_Recorded data_:

● ● ● ●

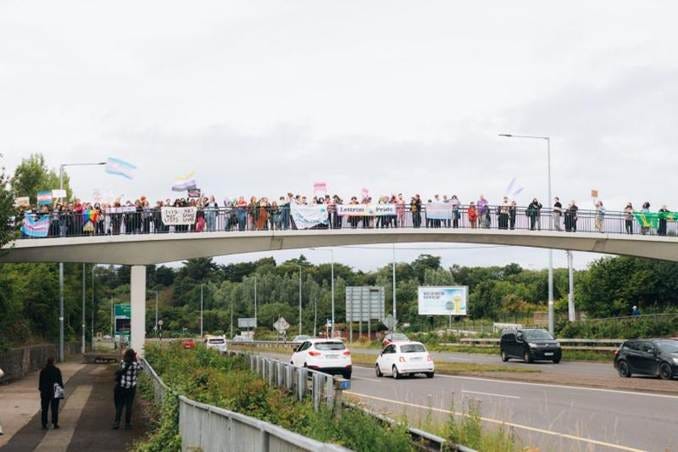 A group of people on a bridge AI-generated content may be incorrect. A group of people on a bridge AI-generated content may be incorrect.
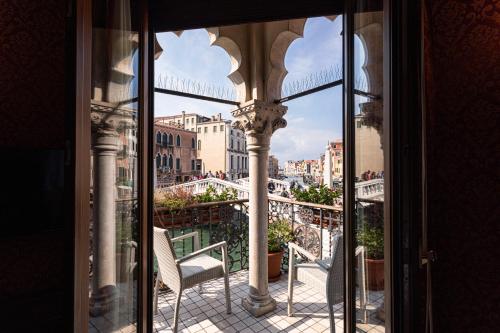 a balcony with a chair and a view of a city at Palazzina Veneziana in Venice
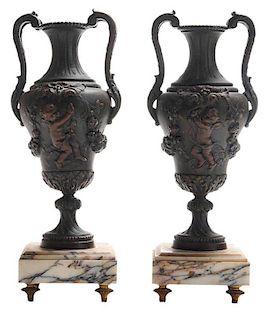 Pair of Metal Urns with Putti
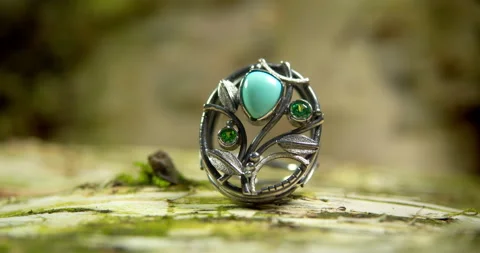 A beautiful silver ring with a turquoise stone rotates on a piece of tree bark. Stock Footage 165030774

● ● ● ●

_Work task_: Transcribe word for word only the lines from the one with "a balcony with" through the end of the listing; every picture is to be omitted.

_Written response_:
 a balcony with a chair and a view of a city at Palazzina Veneziana in Venice
 Pair of Metal Urns with Putti
 A beautiful silver ring with a turquoise stone rotates on a piece of tree bark. Stock Footage 165030774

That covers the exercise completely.